Speaking during the Monday General Session of the Truckload Carriers Association's annual convention in Las Vegas, Forbes laid out four reasons our economy is recovering so sluggishly from the Great Recession.
1. Monetary Policy
Forbes said the problem with monetary policy is that "it is the most boring subject in the world," as well as an intimidating subject. That, he said, may be why the Federal Reserve doesn't get as much Congressional scrutiny as it should.
If you see Federal Reserve Chairman Ben Bernanke testifying on Capitol Hill, he said, you can tell most senators and representatives are asking questions prepped for them by their staff, without really understanding the question or the answer.
"They get an answer, bob their head, and go on to the next question." The thinking, he said, must be, "He must be brilliant – I don't understand a word he's saying."
Yet monetary policy is critical to our economy, Forbes said, comparing it to an engine (at least an older non-electronic one) – too little fuel and it stalls out. Too much fuel and it floods.
"What is money?" Forbes asked. "Money simply makes it easy to buy and sell with each other.
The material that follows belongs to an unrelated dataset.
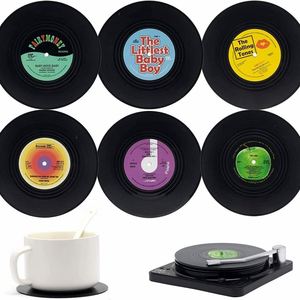Ensemble de sous-verres rétro personnalisés en forme de CD, en plastique ABS résistant à la chaleur, antidérapants, réutilisables, en forme de disque vinyle, pour la décoration de table ou de mur, café - Product Image 1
In the old days we had barter.
"Imagine what your life would be like if Washington did to the clock what it does to the dollar. Imagine if that fluctuated each day, if there were 60 minutes in an hour one day, 48 the next, 96 the next."
Forbes pointed specifically to the Federal Reserve's continued practice of keeping interest rates near zero.
"What the Federal Reserve is doing now by suppressing interest rates is the equivalent of rent control or any other price control," he said. "When a price is suppressed, you get less of the product. Cities with rent control have less housing."
The main beneficiary of a near-zero-percent interest rate, he said, is the federal government, so it helps keep its deficit costs down.
"That's a critical reason why we have this punk economy. You start trashing the value of money, you get less real growth. The blunt truth is, a weak dollar always means a weak recovery."
Forbes predicted a return to the gold standard. Gold certificates like this one from 1922 were used as paper currency in the U.S. from 1882 to 1933.
Forbes predicted that within a few years, the dollar would be relinked to the gold standard.
"More than any other product in the world, gold keeps its intrinsic value. It's like Polaris, the North Star, something you can fix on. We did it for 180 years and it worked pretty well.
"Who would you rather trust? Washington politicians or gold?"
Turning to the tax reforms he promoted during his runs for President in 1996 and 2000, Forbes cited high taxes as his second reason for the lackluster economy. He pointed to the Eurozone, where companies such as Greece are in economic ruin yet keep raising taxes. "5,000 businesses have moved from Greece to Bulgaria, where there's a simple 10% flat tax," he said.